Scenario 2 - Replicated Cluster
In this scenario, applications and JOSSO must have replication enabled, otherwise user state will be lost if any of the resources fail. Enabling replication at the application level is outside the scope of this document, and depends on the application type and container.
With a replicated cluster there is no need to match the application servers with SSO servers, allowing for other sticky session support strategies. In this example, we will use the non-clustered setup as a starting point, making the necessary changes to enable JOSSO replication.
JOSSO Agent Configuration
We want agents to use a load balancer when issuing web-services requests to JOSSO. This ensures that if an SSO node goes down, another will be able to handle the requests. In our case we will use an internal host to refer to the load balancer, but the service will be the same Apache server.
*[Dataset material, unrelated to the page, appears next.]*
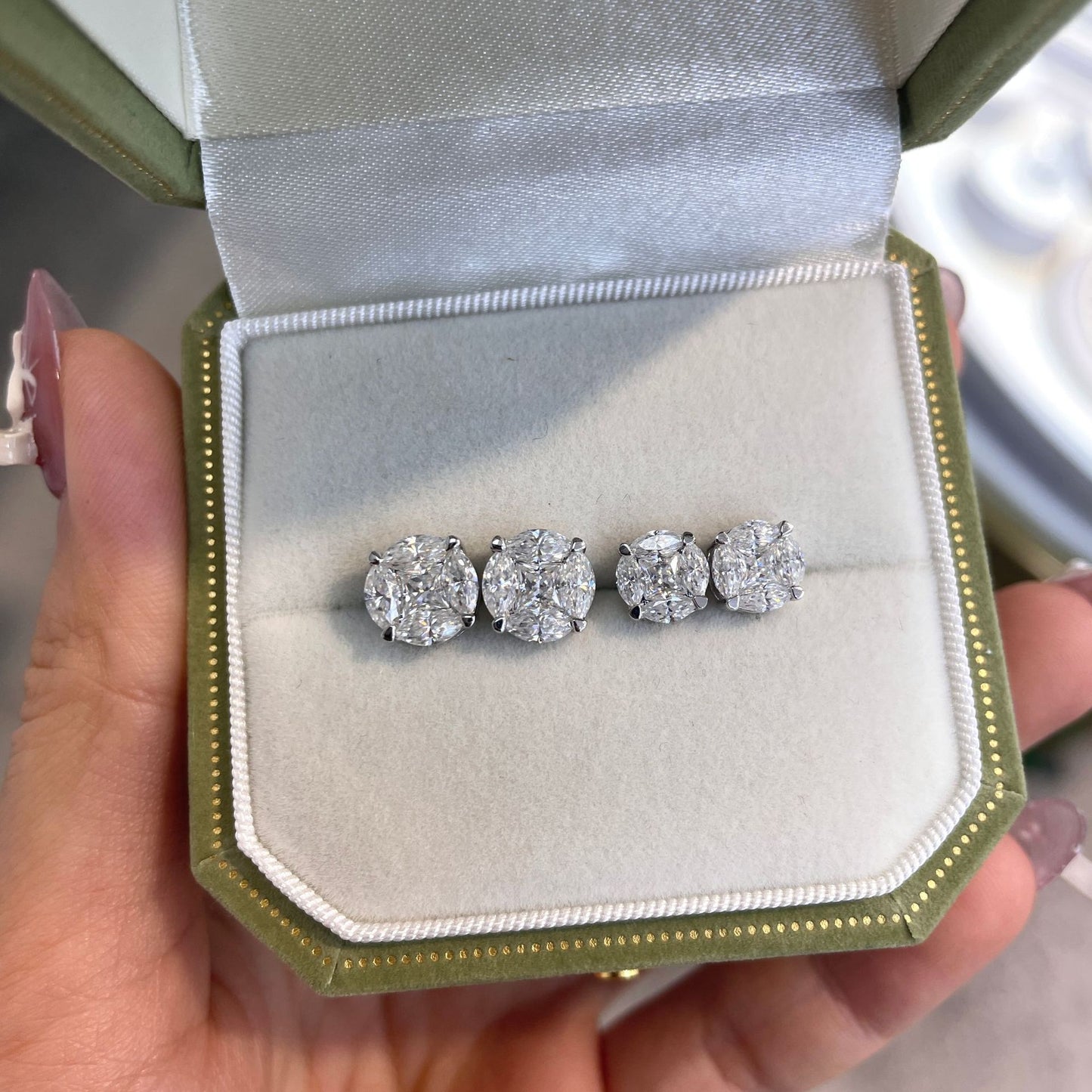 Niche Ins Style Classic Round Moissanite S925 Silver Plated Platinum Stud Earrings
This is the endpoint property after making the necessary changes. In this case we also removed the transportSecurity property from the agent configuration file.
<property name="endpoint">
<value>sso-lb.local:80</value>
</property>
Make sure that the load balancer can be contacted by application servers on the required port. You may want to use an internal load balancer for this purpose, since it does not have to be the same used for user incoming connections from users.
Load Balancer Configuration
In this case, we don’t need a domain-wide cookie to provide sticky session support. We can mix SSO nodes with application nodes. We do want to use sticky session support for each resource type (SSO, applications). Let’s take a look a the new load balancer configuration:
ProxyRequests Off
ProxyPreserveHost On
SSLProxyVerify none
SSLProxyProtocol all all
# ROUTEID cookie is server specific (not domain wide)
Header add Set-Cookie "ROUTEID=.%{BALANCER_WORKER_ROUTE}e; path=/" env=BALANCER_ROUTE_CHANGED
# In this example, this balances browser and sso agent requests
<Proxy balancer://sso>
BalancerMember http://sso1.local:8081 route=1
BalancerMember http://sso2.local:8081 route=2
ProxySet stickysession=ROUTEID
</Proxy>
ProxyPass /IDBUS balancer://sso/IDBUS
ProxyPassReverse /IDBUS balancer://sso/IDBUS
ProxyPass /IDBUS-UI balancer://sso/IDBUS-UI
ProxyPassReverse /IDBUS-UI balancer://sso/IDBUS-UI
<Proxy balancer://app>
BalancerMember http://app1.local:8080 route=1
BalancerMember http://app2.local:8080 route=2
ProxySet stickysession=ROUTEID
</Proxy>
ProxyPass /partnerapp balancer://app/partnerapp
ProxyPassReverse /partnerapp balancer://app/partnerapp
JOSSO Server Configuration
JOSSO uses EHCache internally to replicate user information. The replication protocol is based on RMI (Java Remote Method Invocation). By default JOSSO nodes will automatically discover other peers using MULTICAST. This provides an automatic method of nodes discovery, simplifying cluster maintenance significantly. It is possible to manually configure the list of peers. In our example we’re using MULTICAST, but we will also provide instructions on how to set up a white-list node discovery.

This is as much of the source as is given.